Today, we face threats of a truly global nature that cannot be turned into a zero-sum game. Either we all lose, or we all win. We can all win only if we work together and combine our efforts. I already mentioned terrorism, weapons proliferation in an age of nuclear annihilation, drug trafficking, organised crime of all kinds, and cybercrime.

Incidentally, among the various accusations that have come our way during the US presidential campaign, you will have heard the allegations that we are supposedly engaged in cybercrime and our hackers are breaking into the sites of the Democratic Party, the FBI and National Security Agency. Experts with real knowledge of how the hacker community is organised say that this is nonsense. But the accusations keep coming even so. Furthermore, over many years now, a couple dozen of our citizens have been arrested at the USA’s request in third countries, and in half of these cases have been illegally extradited to the United States and prosecuted there. Nearly all of them have been accused of cybercrime. A year ago now, our General Prosecutor’s Office made an official request to the United States to hold consultations on cooperation in ensuring cybersecurity, as this is an issue of great concern to us too. We do not want our citizens, if the accusations against them should prove true, to be taking part in unlawful activity. Last November, we proposed holding serious consultations at the expert level, but we got no response.
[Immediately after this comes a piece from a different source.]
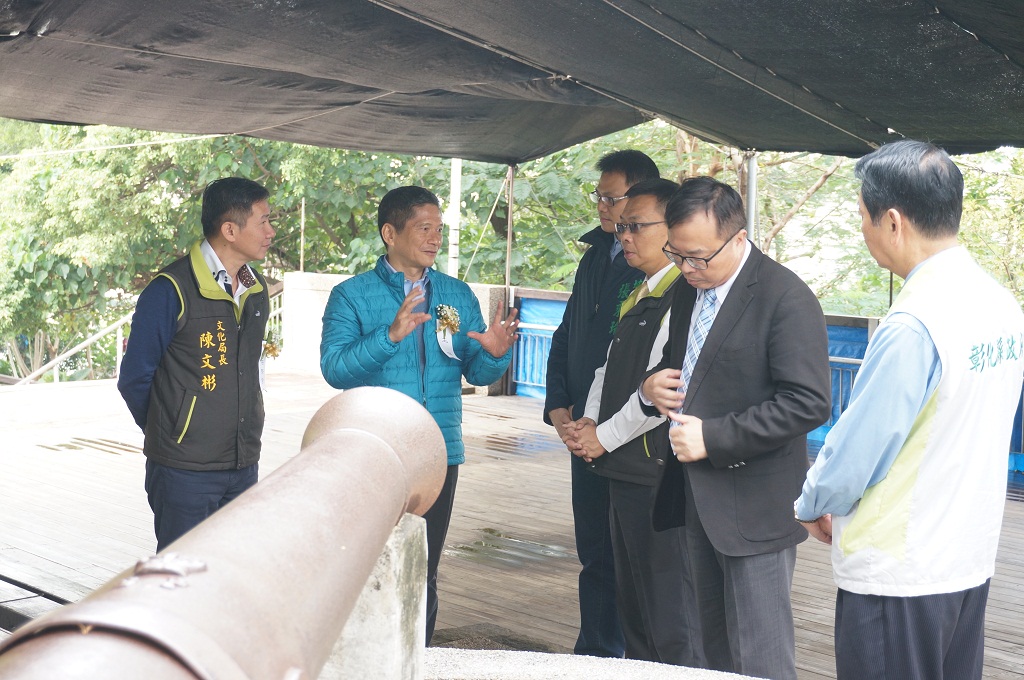 李永得與陳文彬(左一)、(左三起)埔心鄉長張乘瑜、副縣長林明裕、立法委員洪宗熠等人就彰化地區客家文化、史料之復振問題交換意見。 圖:客委會/提供 李永得與陳文彬(左一)、(左三起)埔心鄉長張乘瑜、副縣長林明裕、立法委員洪宗熠等人就彰化地區客家文化、史料之復振問題交換意見。 圖:客委會/提供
This January, I reminded US Secretary of State John Kerry about this matter and said that we would at least like to receive a response. He said that the idea is a good one and that he would work on it. I reminded him again in May, and yet again when we met a week ago in Geneva to discuss Syria. He was surprised that we still had not received a response. The US Justice Department, to which the request was sent after our reminder, refused to send a written response. We were given a verbal response that they do not see any sense in cooperation in this area. US Secretary of State John Kerry said that this was not really the right approach and that he would try to change this very arrogant and, most important, incomprehensible position taken by the Justice Department. This is an anomaly that just goes to show that there is an exception to every rule.

Generally, of course, there is a growing realisation in the West, including in the United States, that without us it is very difficult to resolve certain problems, be it Syria, Iraq, Libya or many other crises. Apart from geographical issues – the nonproliferation of nuclear weapons and eliminating risks related to chemical and biological weapons – we are now working to put in place a mechanism to ensure the verification of the implementation of the convention on the prohibition of biological and toxic weapons by all parties concerned. Everyone seems to be ready but the Americans are effectively blocking the process. We know that the Americans have an array of biological research programmes, including with our neighbours. Their refusal to create a mechanism to oversee the implementation of The Biological Weapons Convention suggests that these research projects are far from peaceful. We are also in dialogue with them but so far they are dodging a frank conversation. Backed by China and other countries, we have proposed drafting a convention to counter acts of chemical and biological terrorism.

To reiterate, these initiatives enjoy broad support, which would not have been possible during the Cold War years. The fact that so far the Americans are opposed to moving forward with practical steps along these lines only goes to show that they are slower than others to abandon bad habits, one of which is of course the belief in their own exceptionalism. However, time cures all. Unfortunately, this will not happen anytime soon. Our American colleagues have developed a genetic code whereby the most important thing is that they decide everything themselves. But life is more complicated than a genetic code. So I hope that in the historically foreseeable future they will eventually come to understand the need to be in sync with the objective trends of global development.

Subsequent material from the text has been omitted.